Leo shook his head. He felt the effects of the incident. To dispel them, he said: “This has been some day.”
Jack returned the pistol to the drawer from which Buddy had taken it. A flat pint of whiskey lay within. Jack could have used a drink, but being a schoolteacher would not dare take one except behind the closed door of his home.
“This ought to be locked,” he said. “A child might get hold of it. You know what they say: everybody gets shot with an unloaded gun.”
Hearing the nonsensical statement, Leo felt better. “But that one’s loaded,” said he.
“Would he have shot him, you think?”
“I couldn’t say,” Leo confessed. “I never saw him do anything like that before. But I never saw him take a sucker punch, either.” He paused. “The whole thing was dumb. I don’t know what’s eating Buddy. Notice he didn’t work the lot this afternoon. He stands in the garage, chewing the rag with a jigaboo.”
“Where’d he go now?” asked Jack.
Leo made a moue of certainty. “To drive it off, that’s for sure.” But he remembered that Buddy had already been preparing to leave early, before the set-to. Without thinking of the effect it might have on Jack, he said: “To get his ashes hauled.”
Jack’s sexual imagination was quite domesticated, however; he had never had a woman before the first night of his honeymoon and none but his wife since, though sometimes when they did it he had fantasies involving movie actresses—oddly enough, the nonsensual types like Irene Dunne. He naturally supposed it was Mrs. Sandifer who quenched Buddy’s fire, and he showed no astonishment.

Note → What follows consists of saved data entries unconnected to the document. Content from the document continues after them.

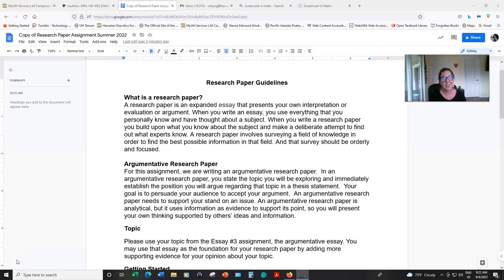Aloha! In this video, I'm going to talk about the research paper, which is the last paper that you will be writing in this course. A little information about research papers.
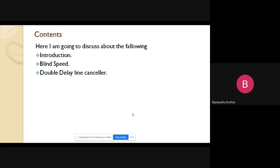The contents I am going to discuss are: introduction, blind speed, and double delay line canceller. In the introduction, we will cover what problems we have faced in previous topics, the concept of double delay line canceller, and what is meant by blind speed — how it is going to work and perform depending upon the amplitude of the spectrum. The drawbacks observed with the single delay line canceller will be shown to be overcome by using the double delay line canceller.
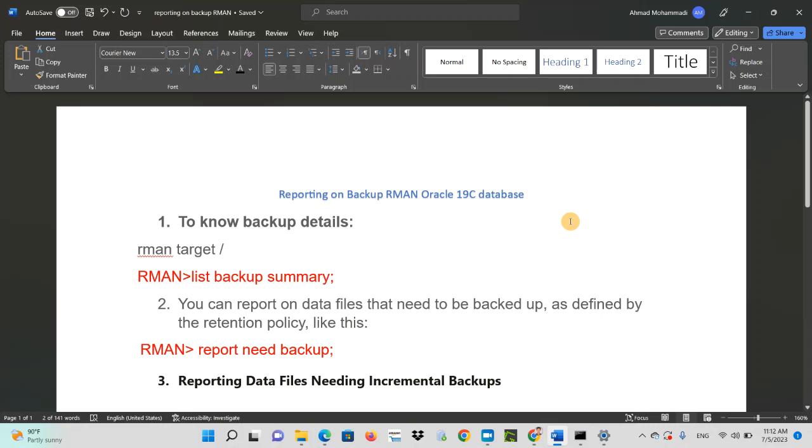Today on this tutorial, I'm going to show you how to perform reporting on backup in Oracle. Sometimes as a DBA, you might need to have a report of all backup activities you are doing. So let's get started.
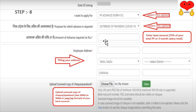If you want to apply for this claim, press the scroll button and select PF advance form 31. Select the purpose — select the outbreak of pandemic COVID-19. Select the amount and enter 70% of your total amount, or enter 3 months' salary total.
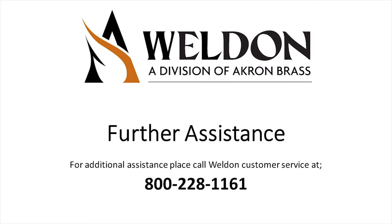This concludes Weldon's VMux Diagnostics Viewing Network Communications tutorial. If you need further assistance or have any questions, please give our customer service team a call.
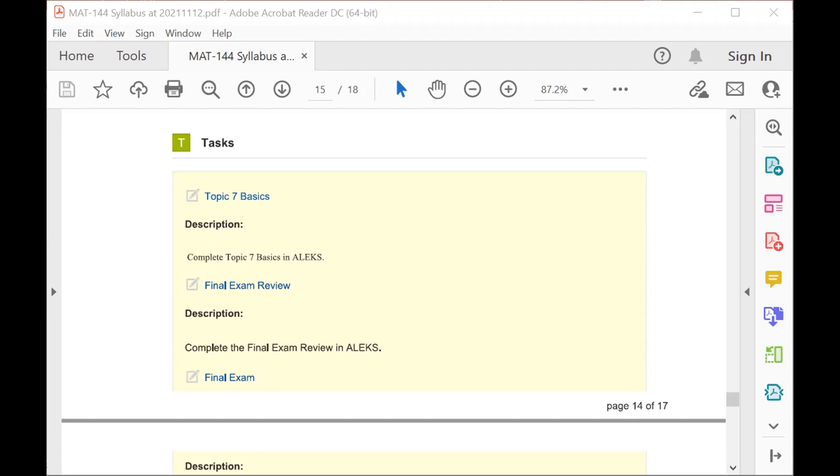So a good strategy here will be to take the final exam review a number of times until you're comfortable that you're doing well there before moving on to the final exam.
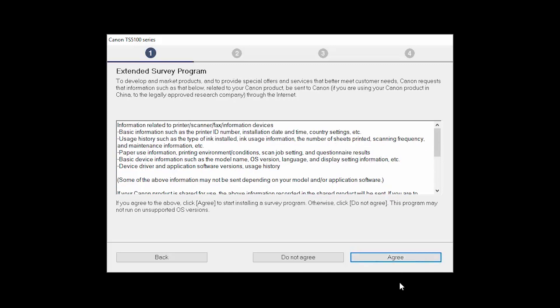An Extended Survey Program screen will appear. This optional program is used for the development and marketing of Canon products so they will better meet our customers' needs. If you agree to participate in the Extended Survey Program, click Agree. If you click Do Not Agree, the Extended Survey Program will not be installed.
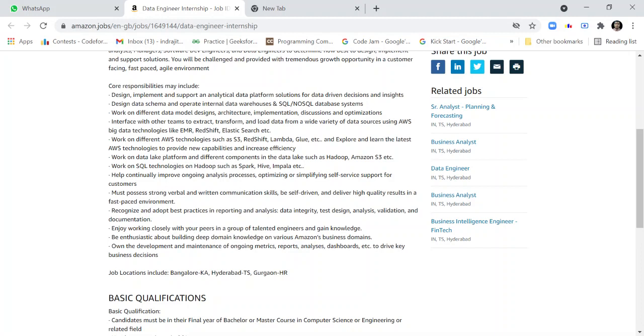I would recommend you to check out these videos, apply to these companies, subscribe to my channel, and like this video to get more suggested videos. The responsibilities include designing data schema and operating internal data warehouses and SQL/NoSQL database systems.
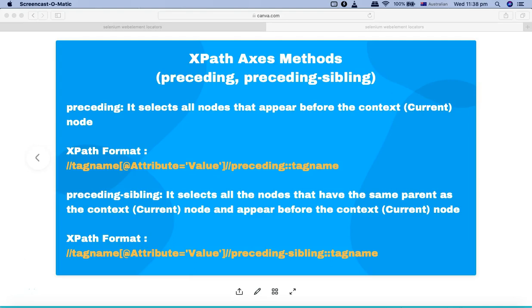Hello and welcome to Selenium XPath tutorial. In this tutorial we are going to learn about the XPath axis methods: preceding and preceding-sibling. We have learned a lot about other axis methods in the previous tutorials, so this will be the last tutorial wherein I am covering preceding and preceding-sibling.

Leo was relieved to see his thoughtless remark fall by the wayside. He never trafficked in sex gossip.
Ralph came into the office at that point, saying: “Shit, I wanted a ride home.”
“You talk like that,” Leo said disapprovingly, “and you won’t get one.” Ralph was taken aback. Leo went on, scowling: “A friend of yours told me you stank. I said, ‘Like shit!’” Then he showed his teeth, poked Ralph in the belly, and roared. Ralph joined in the laughter. Jack did not, being a schoolteacher. But he prissily loosened the knot of his washable tie and opened his collar.
Leo told Ralph: “Listen, you run up all the windows and lock all the cars, and I’ll drop you off.”
“Is it closing time already?” Ralph grimaced at what he believed another failure of his inner clock.
Though usually the steadiest of men, Leo had been made disorderly by Buddy’s unprecedented loss of control—as Clarence, no schemer, had been led by Buddy’s threats to an understanding of blackmail.
“That’s right,” Leo said recklessly. “Your dad’s decided to call it a day.” He amazed himself as well as Jack, whose eyebrows arched. Jack had earned no commission whatever, this Saturday; yet, infected by Leo’s capriciousness, he made no protest. Instead, he opened the drawer, took out the pint of Seagram’s, unscrewed the cap, and boldly poured whiskey down his throat in full view of Ralph.
Leo was hit hard by this seizing of the initiative. He did not himself imbibe.
“Hey, Ralph,” he said desperately. “You want a drink?”
Ralph said: “Sure.” He always enjoyed Leo’s badinage.
But Jack cried: “Leo!” And put the bottle away posthaste, avoiding Ralph’s eyes. Better to ride it out than to ask Ralph to say nothing. Jack knew better than to put himself at the mercy of a schoolboy. But he struck back at Leo.
“What about the receipts?”
Leo decided Jack was getting too big for his breeches: he found the question even more insolent than the drinking.
“You just let me worry about that,” said he. “You can take off now if you want.” In the absence of Buddy, Leo considered himself boss. Jack flipped his hands and went into the little washroom in the far corner; already he had begun to feel the effects of the whiskey. If he went home having earned no money and with alcohol on his breath, his wife would think the worst.